ANALISIS PUISI INDONESIA ANGKATAN 1970-1980
A.
PENDAHULUAN
1.1. Latar Belakang
Puisi adalah karya sastra
dengan bahasa yang dipadatkan, dipersingkat, dan diberi irama dengan bunyi yang
padu dan pemilihan kata-kata kias (imajinatif). Kata-kata tersebut betul-betul
terpilih agar memiliki kekuatan pengucapan. Walaupun singkat atau padat, namun
berkekuatan. Karena itu, salah satu usaha penyair adalah memilih kata-kata yang
memiliki persamaan bunyi (rima). Kata-kata itu mewakili makna yang lebih luas
dan lebih banyak.

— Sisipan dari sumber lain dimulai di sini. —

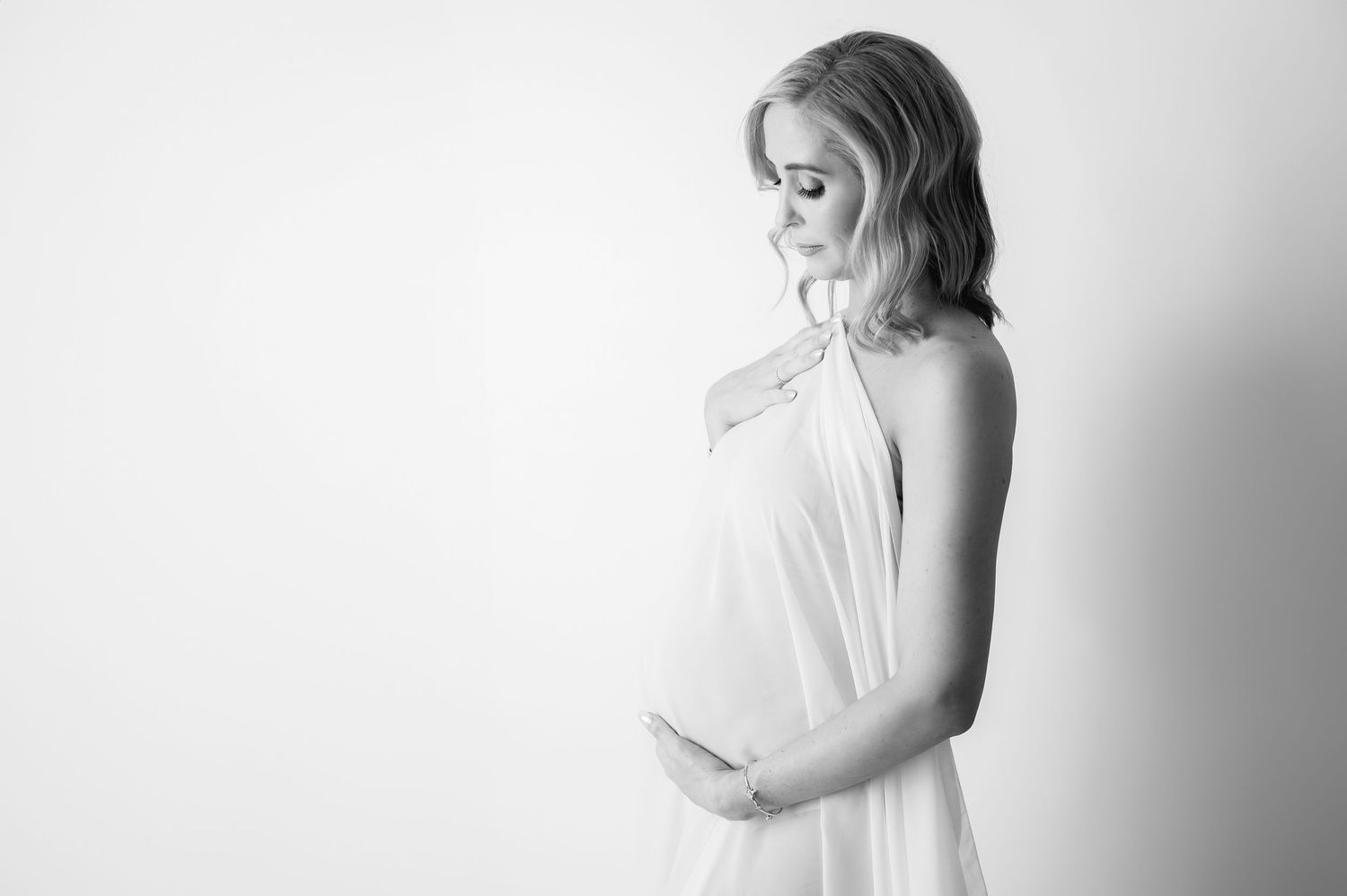 A minimalist black and white maternity photography series showing a pregnant woman in flowing white fabric.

Karena itu, kata-kata dicarikan konotasi atau makna
tambahannya dan dibuat bergaya dengan bahasa figuratif. Penggunaan rima, irama,
sampai pada pemilihan kata, juga dipengaruhi oleh penyair sesuai dengan makna
yang akan dimunculkan dari gaya bahasanya serta berujung pada makna keseluruhan
isi puisi (tema). Hal yang demikian, juga mencerminkan karakteristik khusus
para penyair untuk mengungkapkan gagasannya lewat puisi.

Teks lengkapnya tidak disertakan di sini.